> [EXERCISE DETAILS]
From the data below, set down exactly the lines between the one holding "Ilustración de la" and the one holding "Shift Dress Purple", inclusive, and no others.

> [ENTRIES SHOWN]
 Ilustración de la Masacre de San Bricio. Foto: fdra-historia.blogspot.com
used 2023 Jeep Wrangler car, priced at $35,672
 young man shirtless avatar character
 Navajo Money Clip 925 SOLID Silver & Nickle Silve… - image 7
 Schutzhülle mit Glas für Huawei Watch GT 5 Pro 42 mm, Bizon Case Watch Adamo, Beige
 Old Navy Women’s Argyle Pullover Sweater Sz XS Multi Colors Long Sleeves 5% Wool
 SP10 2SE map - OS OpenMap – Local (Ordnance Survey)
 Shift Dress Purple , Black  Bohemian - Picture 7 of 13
---
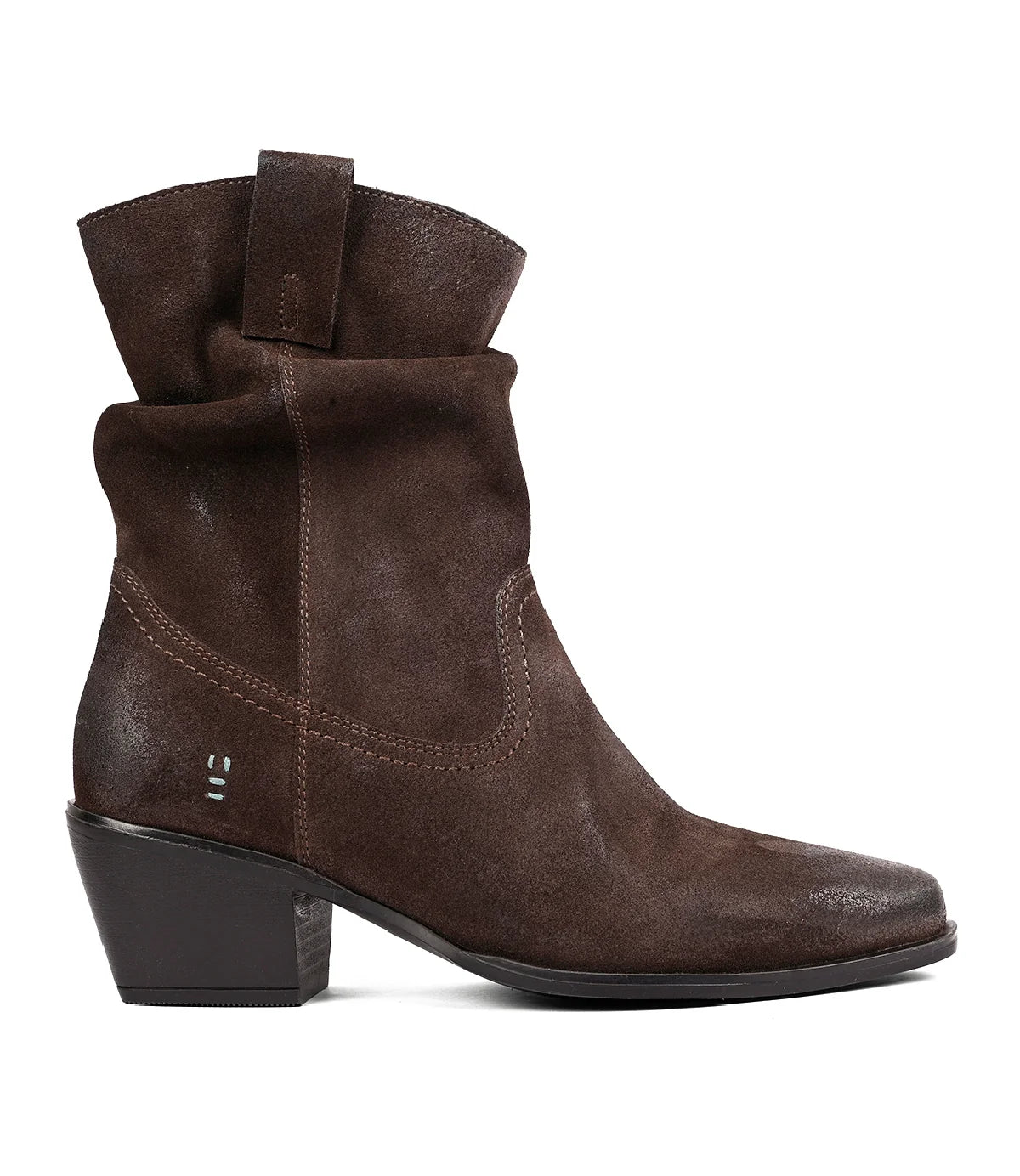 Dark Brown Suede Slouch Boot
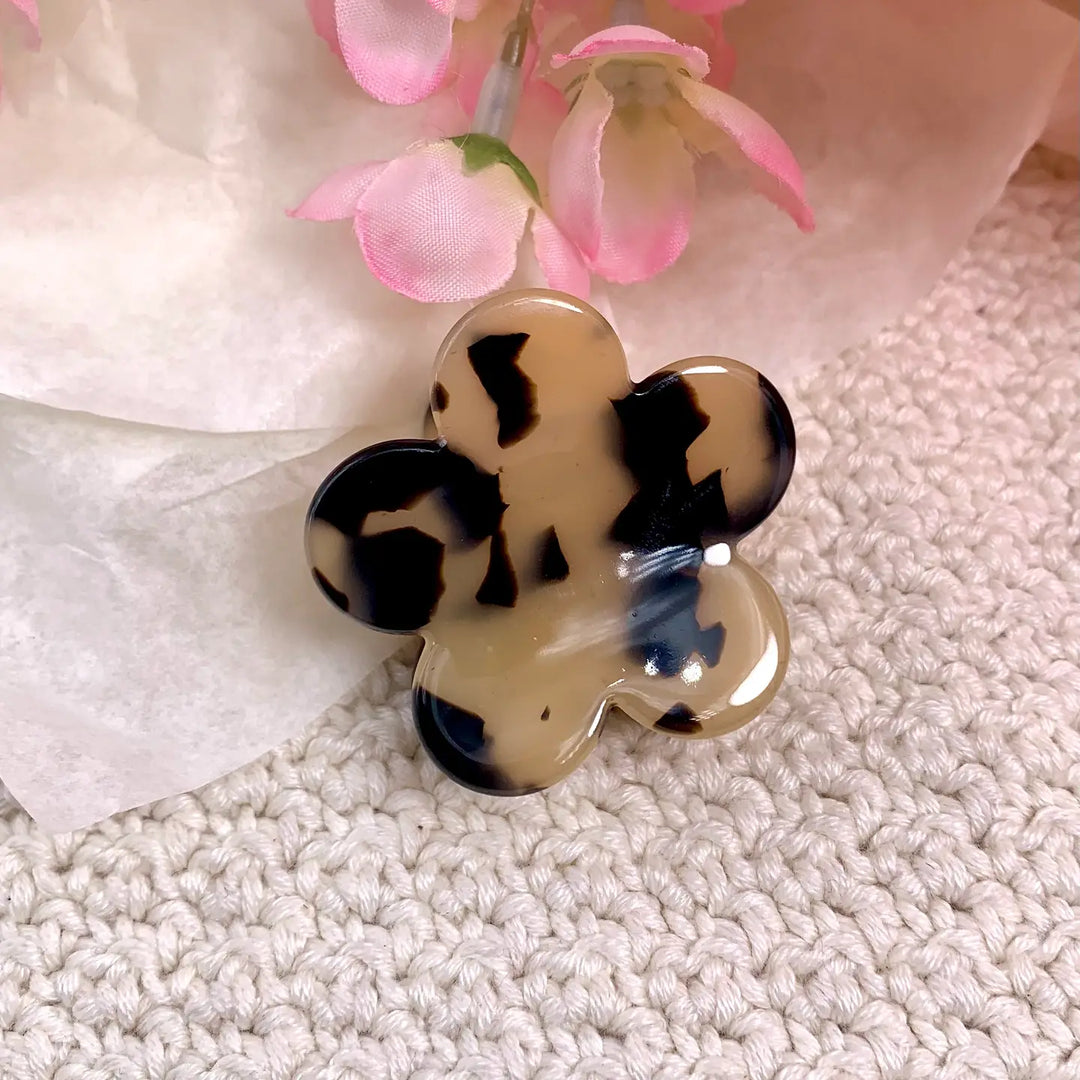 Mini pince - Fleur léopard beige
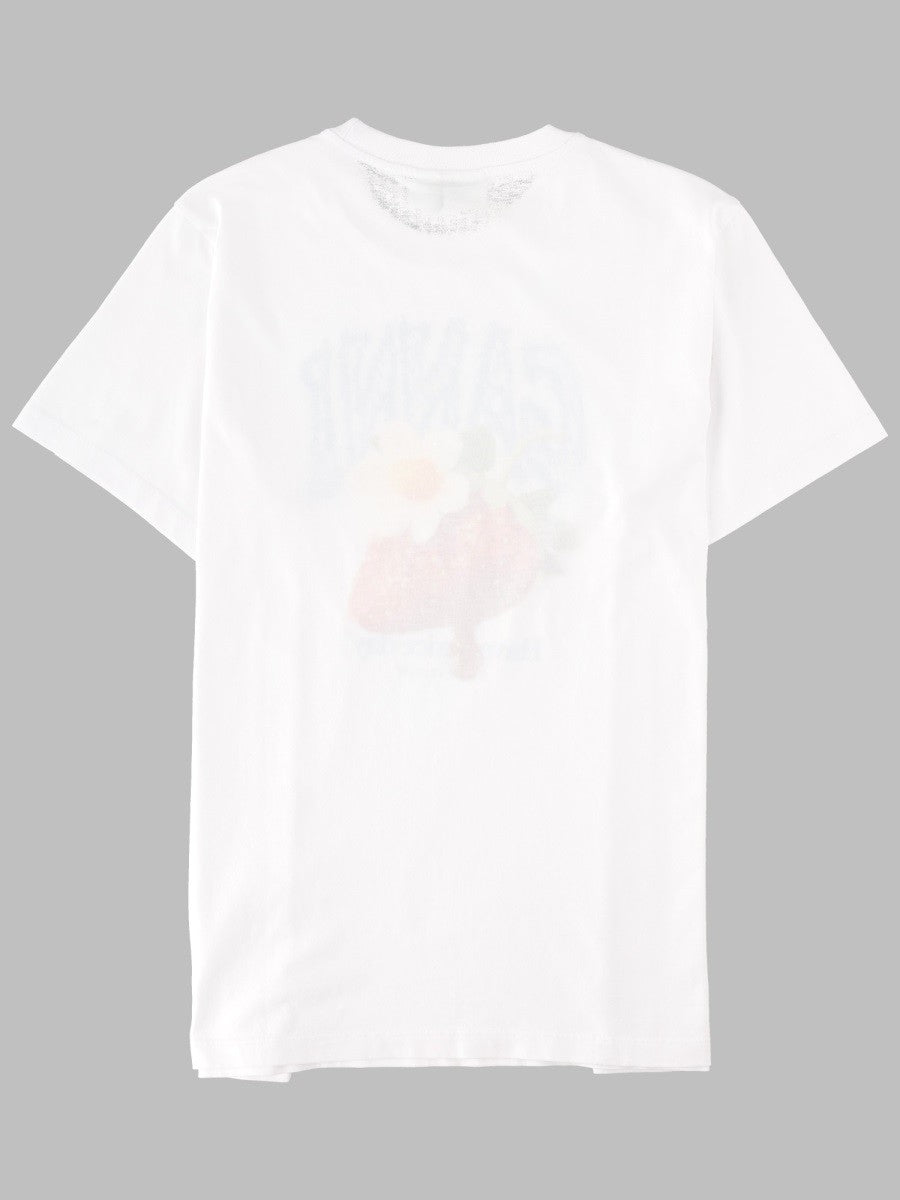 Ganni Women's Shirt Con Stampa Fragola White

> [RESPONSE TO THIS EXERCISE]
 Ilustración de la Masacre de San Bricio. Foto: fdra-historia.blogspot.com
used 2023 Jeep Wrangler car, priced at $35,672
 young man shirtless avatar character
 Navajo Money Clip 925 SOLID Silver & Nickle Silve… - image 7
 Schutzhülle mit Glas für Huawei Watch GT 5 Pro 42 mm, Bizon Case Watch Adamo, Beige
 Old Navy Women’s Argyle Pullover Sweater Sz XS Multi Colors Long Sleeves 5% Wool
 SP10 2SE map - OS OpenMap – Local (Ordnance Survey)
 Shift Dress Purple , Black  Bohemian - Picture 7 of 13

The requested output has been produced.